Tendo todos os operadores uma verdadeira panóplia de informação, falta a "gestão integrada da informação adequada e a efetiva capacidade no big data, para perceber o que é relevante para o negócio. E aproveitar isso em benefício do cliente e da empresa, aportando valor". Neste âmbito, é preciso ter soluções intermodais e de co-modalidade. E ter capacidade para definir o que é core para o negócio, externalizando as demais atividades. "Este é um novo modelo de negócio para qualquer empresa, perante a escassez de recursos e a necessidade de rentabilização dos ativos. Temos que olhar para quem faz melhor e mais barato. Estamos num setor que o que faz não é barato", pelo que a adopção de soluções standartizadas é um caminho. Mas o "grande desafio é criar-se um espirito de parcerias. Percebendo que o crescimento de uns depende dos outros e que nos podemos potenciar. Temos que saber criar valor para as nossas empresas, setores e economia".
E perante esta realidade, como se posiciona um fornecedor de infraestruturas, tendo em conta que os investimentos dos transportes pararam? De acordo com João Salgueiro, Director Business Development, Product and Innovation da Thales, a empresa está a focar-se no fornecimento das tecnologias e de soluções.

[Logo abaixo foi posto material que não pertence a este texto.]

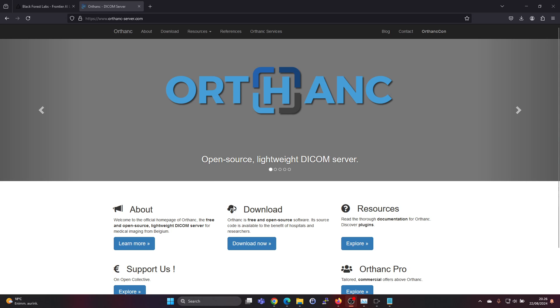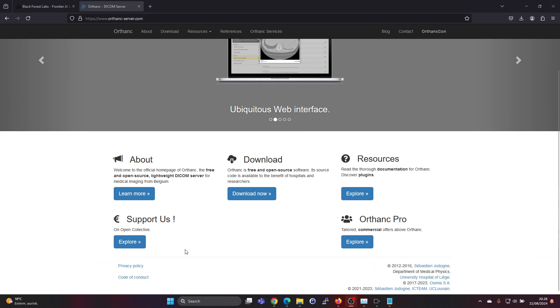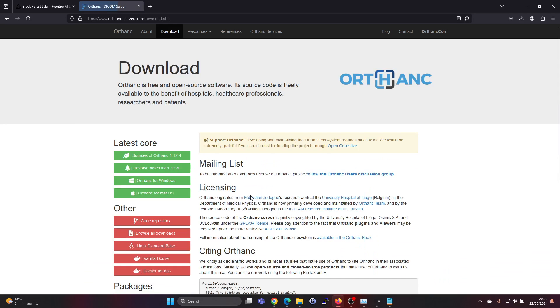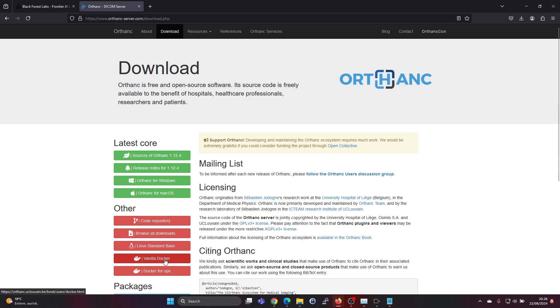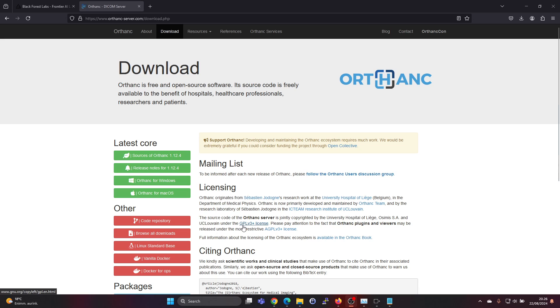Orthanc is a free and open source lightweight DICOM server. You can find installers for Windows, Mac OS, Linux installation, and Docker installation options. You can also find the source code for this. This is GPL version 3 licensed.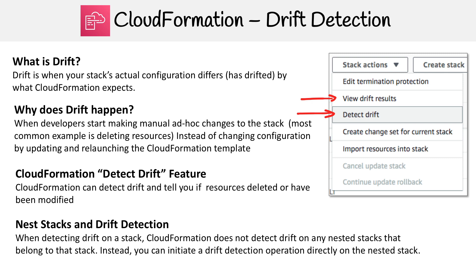Now I do want to mention about nested stacks and drift detection. When you are detecting drift on a stack, CloudFormation does not detect drift on any nested stacks that belong to it. Instead, you can initiate a drift detection operation directly on those nested stacks. You have to turn it on for all the individual stacks. It's not going to trickle down to every single thing in your hierarchy there.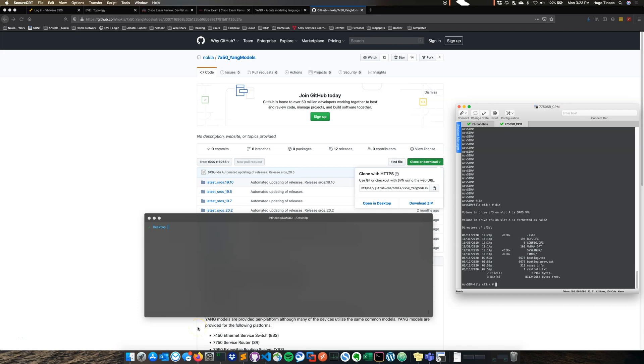Hey everyone, in this video I want to go over how to get started using Yang models with the Nokia VSRs and we're going to be doing some network automation with Python.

A que acresce a preocupação "de ir buscar financiamento que ajude e responda aos desafios e expetativas dos operadores de transportes". Este é "um desafio e um problema para os fornecedores de tecnologia" a que há que saber dar resposta, com uma mudança de mindset e "dentro de padrões razoáveis".
Destaca que "a essência está no espírito de parceria. Tem que existir mesmo. Ganhando e aprendendo uns com os outros. Quando uma das partes é deixada sem espaço de manobra, não é parceria. Tudo se resume ao equilíbrio numa parceria em que ambos ganham". A Thales está ainda a criar um innovation hub em Portugal para pegar em ideias e converte-las em serviços e soluções para o mercado, "porque há necessidade de adaptação e de trabalhos de costumização", numa altura em que a Internet das coisas e o big data são uma realidade e há que saber aproveitar toda a informação que pode ser retirada da rede e dos clientes e transformá-la em valor.